Once we start collecting, the more you have, the more it gets valuable and that will stop us from responding to the present and taking on new ideas what the artists are doing now.
Normal people have rock collections, shell collections, key ring collections and stamp collections. (The Captain had even known somebody with a letterbox collection.) But a people collection? That had to be the most bizarre one he'd come across. Not to mention the most unethical.
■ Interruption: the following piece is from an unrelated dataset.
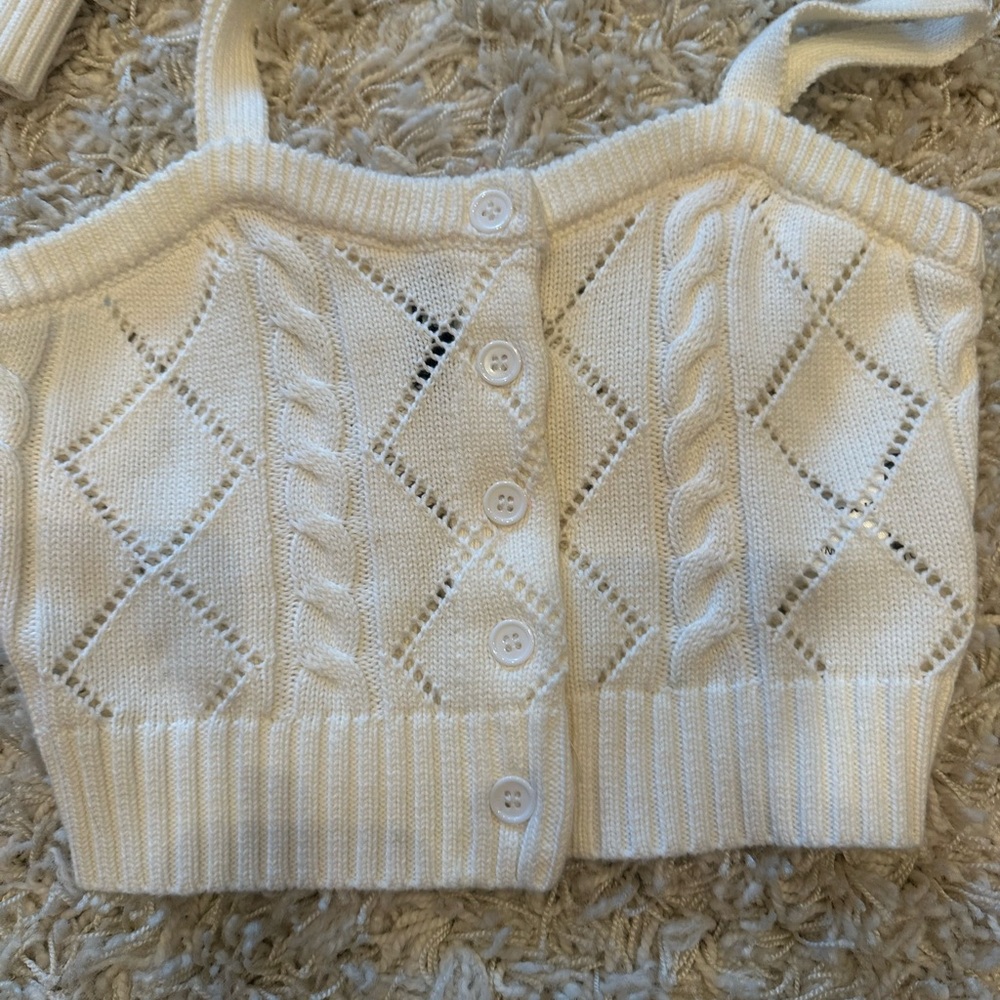 Katie J NYC White Cable Knit Sweater Top and Sweater set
There are two types of collector, I think. There are those who are quite academic, and get into the archaeology of finding the earliest example of a particular idea. Then there are those interested in what's new.
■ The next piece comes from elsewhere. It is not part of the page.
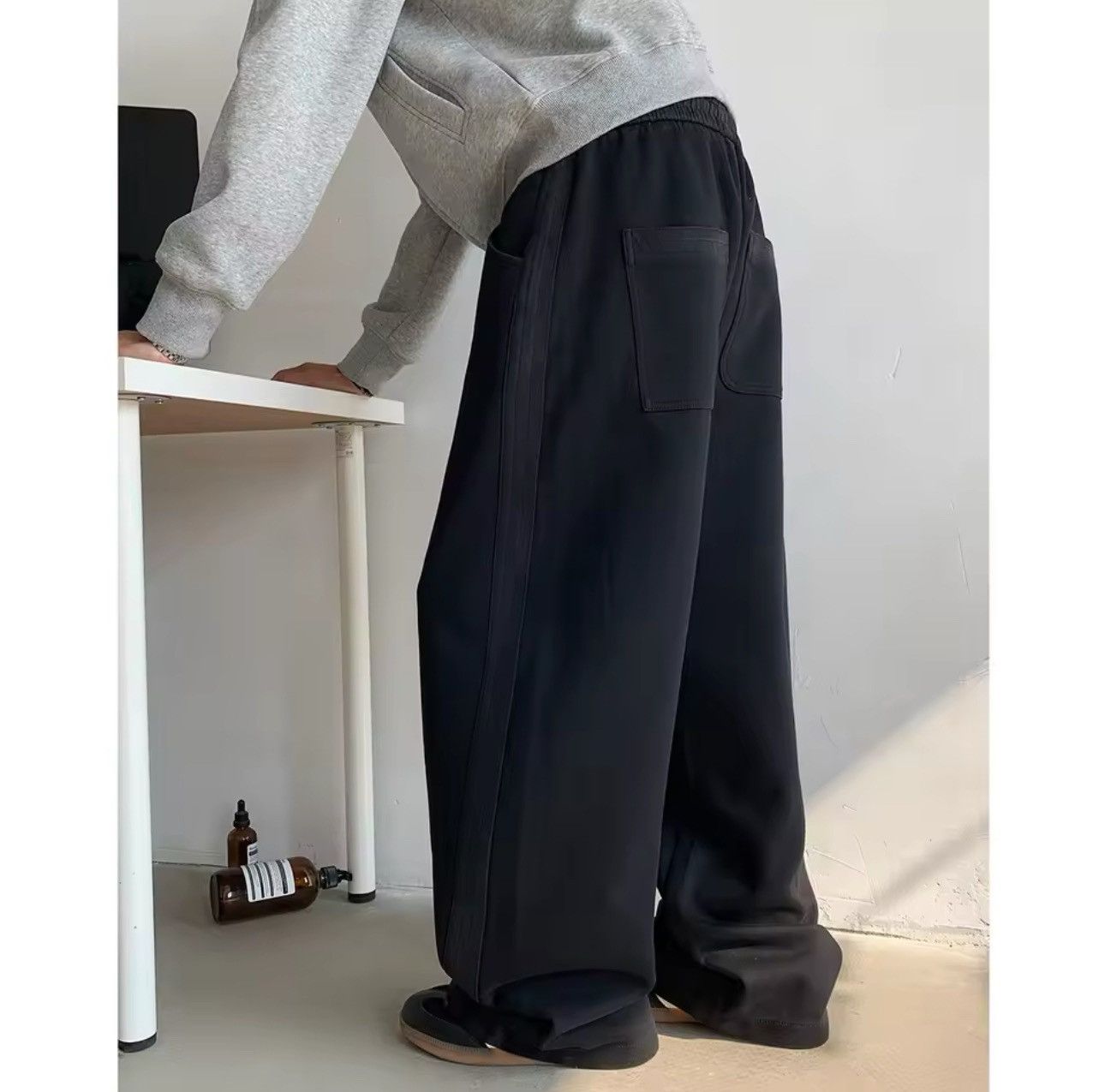 Japanese Brand × Other Fleece Casual Pants Side Striped Wide Leg Straight Sweatpant Size US 28 / EU 44 - 1 Thumbnail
The most profound enchantment for the collector is the locking of individual items within a magic circle in which they are fixed as the final thrill, the thrill of acquisition, passes over them.
I don't know why I am in such a reminiscent mood except that spring and the reappearance of toads always awakens the old acquisitive instinct. The only thing that keeps me from starting a collection is the fact that no rule exists against it.
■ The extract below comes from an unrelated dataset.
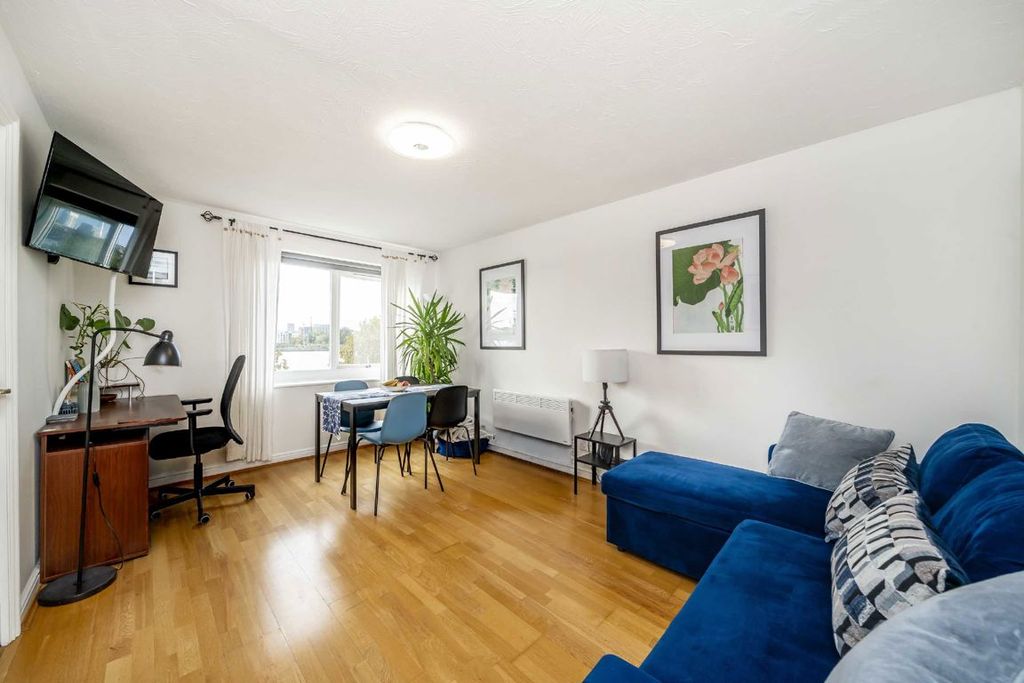 Property photo 2 of 4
Taking photos is a form of collecting.
But with Celine, she managed to amass a collection of a thousand pieces, each one hand-selected for its historical value and beauty, and then turn her apartment into a masterpiece that you could sit back and enjoy. She wasn't just a collector, she was a curator.
I designed collections around whatever struck my fancy ... fruits, vegetables, politics, or peacocks! I entered in with no business sense.
Every time before a collection, I say, "I don't want it to come out. I want to cancel it. It's not good. I haven't achieved anything."
I'm a collecting maniac and I buy a lot of books and records. I have over thousand cds.
I like sneakers. I guess I could call myself a collector.
I collect books - a lot of books.
I don't have the feeling that I need to add a lot to my collection, because I have an incredibly wide range of things. This is a part of the secret of my things, that they are still valid. When I feel a need, I do something more.
When I create a collection, I approach it with a cinematic point of view-I am not designing clothes, I'm creating a world.
I realized the structure in a collection is how they're put together. Structuring the collection became the art of it for me. Because the stories had all been written.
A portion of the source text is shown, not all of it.